= Friends of Israel in the Parliament of Norway =

Friends of Israel in the Parliament of Norway (Israels Venner på Stortinget) is a pro-Israel caucus group consisting of members of the Parliament of Norway.

==History==
In 1974, the group constituted a majority in the Parliament of Norway for the first time, with 86 members among the 150 parliamentary representatives. All political parties except for the Socialist Electoral League were represented. In 1981 the group had 100 members, but this number declined following the Israeli invasion of Lebanon in 1982.

In the 2005, the group had 28 members from three political parties; 16 from the Progress Party (FrP), 10 from the Christian Democratic Party (KrF) and 2 from the Conservative Party (H). One member, KrF's Jon Lilletun, died during the term. In comparison, the number of seats in parliament for each party was 38 from the Progress Party, 11 from the Christian Democratic Party and 23 from the Conservative Party. The group was chaired by Ingebrigt S. Sørfonn of the Christian Democratic Party.

In late 2007, an initiative was taken to form an opposing parliamentary group, Friends of Palestine in the Parliament of Norway, in support of Palestinians.

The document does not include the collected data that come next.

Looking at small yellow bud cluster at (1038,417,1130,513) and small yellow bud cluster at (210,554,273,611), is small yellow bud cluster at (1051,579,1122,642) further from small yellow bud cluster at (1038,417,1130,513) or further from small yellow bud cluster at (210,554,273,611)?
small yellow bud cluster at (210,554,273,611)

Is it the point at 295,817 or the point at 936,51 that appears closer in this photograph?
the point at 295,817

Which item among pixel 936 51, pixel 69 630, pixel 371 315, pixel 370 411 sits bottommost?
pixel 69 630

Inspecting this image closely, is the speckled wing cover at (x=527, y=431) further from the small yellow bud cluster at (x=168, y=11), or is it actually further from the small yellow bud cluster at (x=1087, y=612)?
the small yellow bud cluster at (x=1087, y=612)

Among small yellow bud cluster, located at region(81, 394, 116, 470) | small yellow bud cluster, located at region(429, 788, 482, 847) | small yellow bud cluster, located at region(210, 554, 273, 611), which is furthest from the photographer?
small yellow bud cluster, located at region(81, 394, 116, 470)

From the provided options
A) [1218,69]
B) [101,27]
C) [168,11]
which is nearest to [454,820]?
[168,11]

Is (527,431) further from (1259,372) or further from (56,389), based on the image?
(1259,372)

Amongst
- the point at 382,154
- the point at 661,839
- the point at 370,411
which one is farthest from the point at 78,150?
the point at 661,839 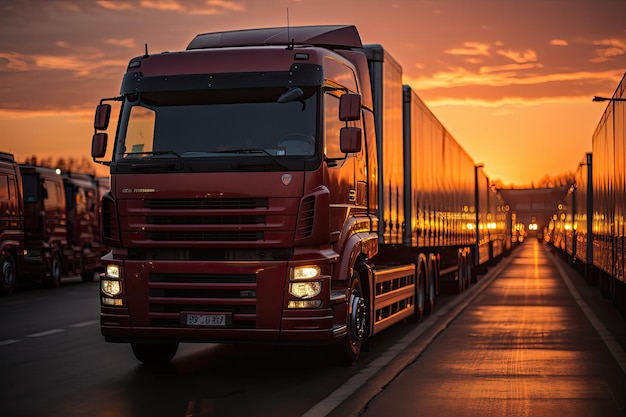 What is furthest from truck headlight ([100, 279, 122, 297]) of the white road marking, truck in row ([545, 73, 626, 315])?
truck in row ([545, 73, 626, 315])

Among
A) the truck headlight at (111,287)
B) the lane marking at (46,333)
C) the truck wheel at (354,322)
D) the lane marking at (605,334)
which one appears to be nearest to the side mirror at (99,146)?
the truck headlight at (111,287)

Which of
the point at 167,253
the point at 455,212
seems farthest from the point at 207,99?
the point at 455,212

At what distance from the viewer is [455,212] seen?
2814 cm

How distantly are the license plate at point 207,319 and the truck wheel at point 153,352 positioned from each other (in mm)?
1371

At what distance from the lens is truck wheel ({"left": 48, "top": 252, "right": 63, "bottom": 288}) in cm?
3146

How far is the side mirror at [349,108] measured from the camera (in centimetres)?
1081

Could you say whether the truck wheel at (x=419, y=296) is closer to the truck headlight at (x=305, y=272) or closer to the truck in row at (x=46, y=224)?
the truck headlight at (x=305, y=272)

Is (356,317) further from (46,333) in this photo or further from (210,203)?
(46,333)

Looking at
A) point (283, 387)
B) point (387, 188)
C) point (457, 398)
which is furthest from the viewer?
point (387, 188)

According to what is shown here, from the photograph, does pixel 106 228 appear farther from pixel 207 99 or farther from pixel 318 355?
pixel 318 355

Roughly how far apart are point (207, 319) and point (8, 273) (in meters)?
17.5

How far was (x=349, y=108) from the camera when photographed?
10.8 m

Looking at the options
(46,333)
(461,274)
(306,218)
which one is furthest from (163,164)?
(461,274)

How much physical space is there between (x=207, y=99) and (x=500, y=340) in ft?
20.3
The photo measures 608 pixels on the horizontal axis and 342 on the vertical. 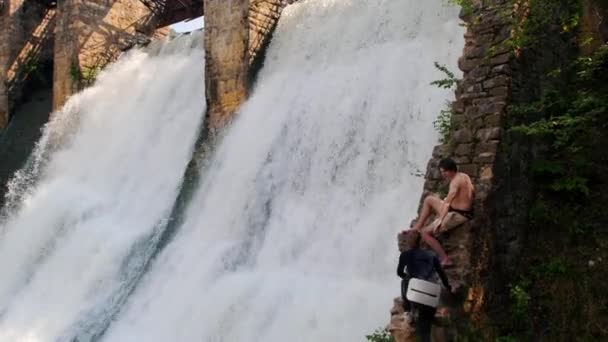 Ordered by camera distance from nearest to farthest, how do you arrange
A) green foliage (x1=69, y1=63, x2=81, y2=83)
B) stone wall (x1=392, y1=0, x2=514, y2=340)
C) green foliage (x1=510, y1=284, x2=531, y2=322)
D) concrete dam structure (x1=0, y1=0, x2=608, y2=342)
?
stone wall (x1=392, y1=0, x2=514, y2=340)
green foliage (x1=510, y1=284, x2=531, y2=322)
concrete dam structure (x1=0, y1=0, x2=608, y2=342)
green foliage (x1=69, y1=63, x2=81, y2=83)

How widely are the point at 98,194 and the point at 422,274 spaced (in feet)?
30.5

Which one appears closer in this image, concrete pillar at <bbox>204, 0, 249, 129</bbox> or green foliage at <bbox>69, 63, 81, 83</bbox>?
concrete pillar at <bbox>204, 0, 249, 129</bbox>

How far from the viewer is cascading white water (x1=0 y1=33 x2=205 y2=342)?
9.35 meters

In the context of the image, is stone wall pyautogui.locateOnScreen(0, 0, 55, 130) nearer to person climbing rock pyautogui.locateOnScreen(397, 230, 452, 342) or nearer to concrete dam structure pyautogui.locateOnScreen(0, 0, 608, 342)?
concrete dam structure pyautogui.locateOnScreen(0, 0, 608, 342)

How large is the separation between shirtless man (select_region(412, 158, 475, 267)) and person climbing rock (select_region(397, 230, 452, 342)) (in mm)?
309

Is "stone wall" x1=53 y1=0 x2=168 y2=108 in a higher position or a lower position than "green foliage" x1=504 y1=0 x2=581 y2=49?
higher

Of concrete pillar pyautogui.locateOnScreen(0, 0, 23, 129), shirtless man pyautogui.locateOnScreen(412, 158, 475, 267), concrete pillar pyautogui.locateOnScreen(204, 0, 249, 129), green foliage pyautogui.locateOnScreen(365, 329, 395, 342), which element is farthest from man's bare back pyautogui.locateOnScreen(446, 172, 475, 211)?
concrete pillar pyautogui.locateOnScreen(0, 0, 23, 129)

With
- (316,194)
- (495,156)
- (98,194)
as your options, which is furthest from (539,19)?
(98,194)

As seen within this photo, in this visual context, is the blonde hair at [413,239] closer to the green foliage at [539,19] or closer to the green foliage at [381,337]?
the green foliage at [381,337]

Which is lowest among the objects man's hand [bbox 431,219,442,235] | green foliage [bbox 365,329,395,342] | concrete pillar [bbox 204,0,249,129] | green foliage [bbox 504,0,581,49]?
green foliage [bbox 365,329,395,342]

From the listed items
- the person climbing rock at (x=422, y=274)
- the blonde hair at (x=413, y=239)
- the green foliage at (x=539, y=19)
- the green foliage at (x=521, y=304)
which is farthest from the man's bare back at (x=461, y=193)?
the green foliage at (x=539, y=19)

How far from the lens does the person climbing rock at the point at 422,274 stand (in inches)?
174

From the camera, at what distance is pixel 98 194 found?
12.4 meters

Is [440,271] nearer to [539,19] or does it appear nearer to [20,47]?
[539,19] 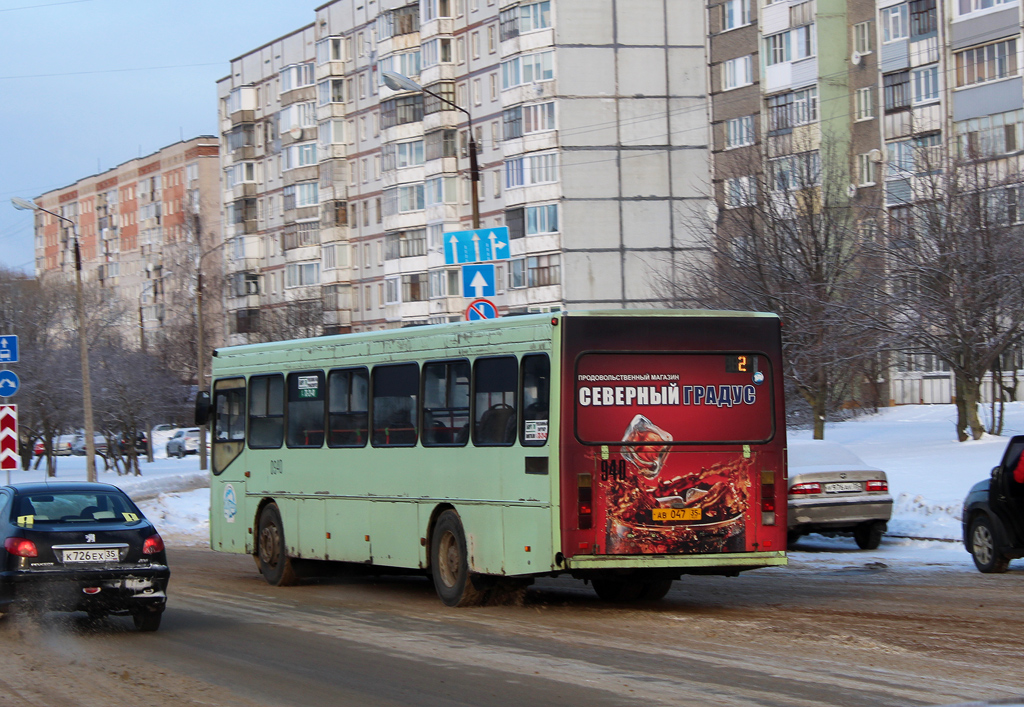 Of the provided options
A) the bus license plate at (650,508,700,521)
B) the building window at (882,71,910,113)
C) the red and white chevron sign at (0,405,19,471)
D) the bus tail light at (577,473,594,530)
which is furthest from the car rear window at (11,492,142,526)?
the building window at (882,71,910,113)

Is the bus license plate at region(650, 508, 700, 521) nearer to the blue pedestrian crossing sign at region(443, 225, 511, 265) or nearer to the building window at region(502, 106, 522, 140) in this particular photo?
the blue pedestrian crossing sign at region(443, 225, 511, 265)

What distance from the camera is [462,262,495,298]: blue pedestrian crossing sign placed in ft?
78.5

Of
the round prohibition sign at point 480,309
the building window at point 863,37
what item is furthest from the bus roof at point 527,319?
the building window at point 863,37

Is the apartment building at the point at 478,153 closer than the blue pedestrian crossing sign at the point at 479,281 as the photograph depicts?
No

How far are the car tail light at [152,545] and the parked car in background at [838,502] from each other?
9617 millimetres

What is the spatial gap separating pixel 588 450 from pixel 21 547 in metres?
4.99

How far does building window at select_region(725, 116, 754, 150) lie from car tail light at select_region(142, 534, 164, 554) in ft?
180

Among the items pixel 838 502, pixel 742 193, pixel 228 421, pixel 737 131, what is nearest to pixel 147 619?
pixel 228 421

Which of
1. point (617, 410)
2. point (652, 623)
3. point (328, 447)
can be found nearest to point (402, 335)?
point (328, 447)

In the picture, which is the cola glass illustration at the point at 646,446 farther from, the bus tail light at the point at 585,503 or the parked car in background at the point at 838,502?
the parked car in background at the point at 838,502

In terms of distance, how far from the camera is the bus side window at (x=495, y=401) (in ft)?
43.2

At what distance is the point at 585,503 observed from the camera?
12469 millimetres

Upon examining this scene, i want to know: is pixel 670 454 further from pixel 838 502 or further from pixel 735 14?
pixel 735 14

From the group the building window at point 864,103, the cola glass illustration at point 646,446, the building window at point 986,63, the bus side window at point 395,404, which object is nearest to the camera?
the cola glass illustration at point 646,446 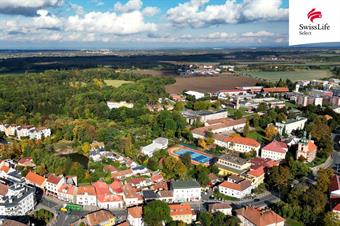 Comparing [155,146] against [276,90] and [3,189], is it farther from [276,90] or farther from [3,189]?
[276,90]

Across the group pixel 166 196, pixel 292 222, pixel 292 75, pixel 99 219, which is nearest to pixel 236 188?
pixel 292 222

After the 2009 election, the groups supporting Israel and Palestine reconvened. Torbjørn Røe Isaksen (H) joined both groups. In late November 2009 the group had 26 members; 13 from the Progress Party (FrP), 10 from the Christian Democratic Party (KrF) and 3 from the Conservative Party (H). In comparison, the number of seats in parliament for each party was 41 from the Progress Party, 10 from the Christian Democratic Party and 30 from the Conservative Party. The members elected Hans Olav Syversen as leader from 2009 to 2011, and Jørund Rytman as leader from 2011 to 2013.

==Present members (2013–2017)==

As of June 2014, the Friends of Israel have a total of 37 members, 20 (of 29) from the Progress Party (FrP), 10 (of 10) from the Christian Democratic Party (KrF), 4 (of 48) from the Conservative Party (H), and 3 (of 55) from the Labour Party (Ap). Hans Fredrik Grøvan (KrF) chaired the caucus the first two years, and Jørund Rytman (FrP) the final two years.

- Harald T. Nesvik (FrP)
- Ingebjørg Godskesen (FrP)
- Jan-Henrik Fredriksen (FrP)
- Jørund Rytman (FrP)
- Sivert Bjørnstad (FrP)
- Kenneth Svendsen (FrP)
- Morten Ørsal Johansen (FrP)
- Christian Tybring-Gjedde (FrP)
- Tor André Johnsen (FrP)
- Per Sandberg (FrP)
- Erlend Wiborg (FrP)
- Oskar Grimstad (FrP)
- Bente Thorsen (FrP)
- Kristian Norheim (FrP)
- Ulf Leirstein (FrP)
- Mazyar Keshvari (FrP)
- Morten Wold (FrP)
- Morten Stordalen (FrP)
- Tom E. B. Holthe (FrP)
- Helge Thorheim (FrP)
- Himanshu Gulati (FrP)
- Kjell Ingolf Ropstad (KrF)
- Olaug Bollestad (KrF)
- Knut Arild Hareide (KrF)
- Hans Fredrik Grøvan (KrF)
- Rigmor Andersen Eide (KrF)
- Hans Olav Syversen (KrF)
- Line Henriette Hjemdal (KrF)
- Geir Jørgen Bekkevold (KrF)
- Geir Toskedal (KrF)
- Anders Tyvand (KrF)
- Siri A. Meling (H)
- Ingjerd Schou (H)
- Øyvind Halleraker (H)
- Frank Jenssen (H)
- Kari Henriksen (Ap)
- Sverre Myrli (Ap)
- Kåre Simensen (Ap)

Two members, Kari Henriksen and Sverre Myrli (both Ap) were also members of Friends of Palestine.